Pour quels cas d'usage avez-vous déjà établi une courbe d'expérience ?
Je peux vous citer la génération de tags afin d'orienter l'article au sein du CMS, la création de résumés d'articles et la conception de quiz pour nos lecteurs. Nous laissons une grande liberté aux collaborateurs pour chercher des solutions à leurs besoins et imaginer des prototypes. Cela se passe au fil de l'eau : nous formons les candidats aux différents outils et ensuite ils sont accompagnés par les équipes de la DSI si besoin. La clé de notre méthode est bien de partir de la base (des besoins, des usages) pour construire des cas d'usages structurés qui pourront ensuite être mis en production de la manière la plus sécurisée possible.
Avez-vous pu évaluer l'intérêt de passer par l'IA générative pour ces cas d'usage ?
Nous sommes encore en phase d'évaluation avec des avis intermédiaires qui ont déjà été rendus mais rien n'est acté pour le moment.

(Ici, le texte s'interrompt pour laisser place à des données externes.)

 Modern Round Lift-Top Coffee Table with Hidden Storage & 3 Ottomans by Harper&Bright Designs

A mon arrivée, en septembre dernier, j'ai mis en place un comité d'évaluation de ces expérimentations en y intégrant toutes les fonctions pouvant être concernées par l'IA : la rédaction, la DSI, le service juridique, les ressources humaines et la RSE. Nous nous réunissons très régulièrement pour passer en revue chaque expérimentation et formuler un avis sur son éventuel passage en production ou, au contraire, sur la nécessité de la poursuivre. Par exemple, dans le cas des résumés, il nous faut mesurer si cela aboutit à un avantage concret pour nos lecteurs et nos journalistes. Chaque décision est prise de manière collaborative.
Et concernant la création d'images et de vidéos ?

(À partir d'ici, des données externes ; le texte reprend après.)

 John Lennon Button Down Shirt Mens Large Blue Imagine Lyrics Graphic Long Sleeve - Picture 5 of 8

Nos guidelines déontologiques interdisent l'utilisation de l'IA générative pour la création d'images et de vidéos.
Cette expérimentation concerne-t-elle uniquement le titre Ouest-France ?
Toutes les filiales du groupe sont engagées dans ces tests.

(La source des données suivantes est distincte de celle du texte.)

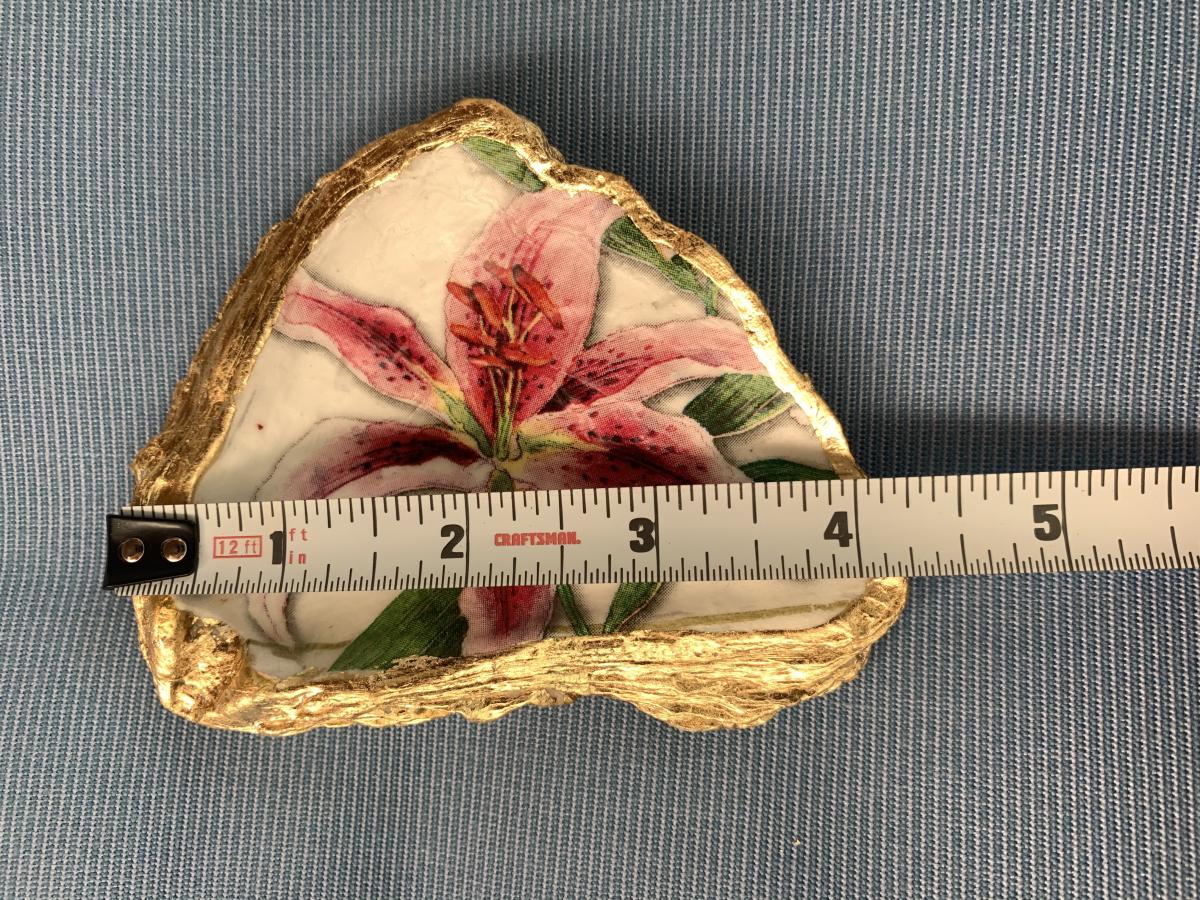 Star Gazer Lily Oyster Shell Trinket Dish picture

Avez-vous des accords-cadres avec des fournisseurs ou envisagez-vous de mettre en place des contrats pour entraîner des modèles avec vos données ?
Nous n'avons pas mis en place d'accord avec les fournisseurs de modèles d'IA générative. En revanche, nous travaillons avec des organismes publics de recherche. C'est tout le sens du lancement cette année du laboratoire commun Synapses par Ouest-France avec l'Institut de recherche en informatique et systèmes aléatoires (Irisa), du CNRS et de l'Université de Rennes, avec qui le groupe collabore depuis une trentaine d'années.
"Nous n'avons pas mis en place d'accord avec les fournisseurs de modèles d'IA générative"
Cet accord porte sur le patrimoine éditorial d'Ouest-France, qui compte plus de 100 millions de contenus (texte, image, vidéo et audio), dont 38 millions de photos. Les chercheurs nous aideront à mieux explorer ces ressources à l'aide de l'IA générative, du machine learning, de la vision par ordinateur, le traitement automatique des langues, etc.
Quel intérêt l'IA peut-elle représenter pour les rédactions ?
L'IA générative représente une opportunité tout d'abord éditoriale : l'IA peut devenir un outil d'assistance au journaliste, notamment pour les tâches répétitives, pour lui libérer du temps pour la recherche d'information exclusive et le travail de proximité avec les sources et les lecteurs. L'IA en général peut également être d'une grande utilité pour la détection de signaux sur de grandes masses de données, c'est donc un ferment très prometteur au service des enquêtes. Enfin, l'IA, c'est aussi une question d'opportunité économique puisqu'elle peut améliorer la pertinence et l'accessibilité des contenus à une audience plus diverse, en facilitant le passage du texte au son ou à l'image. Ceci étant, il faut envisager l'IA avec une très grande prudence. C'est encore une technologie faillible et dont l'adoption exige un très fort dialogue pour avancer en transparence à la fois avec les salariés du groupe et les lecteurs.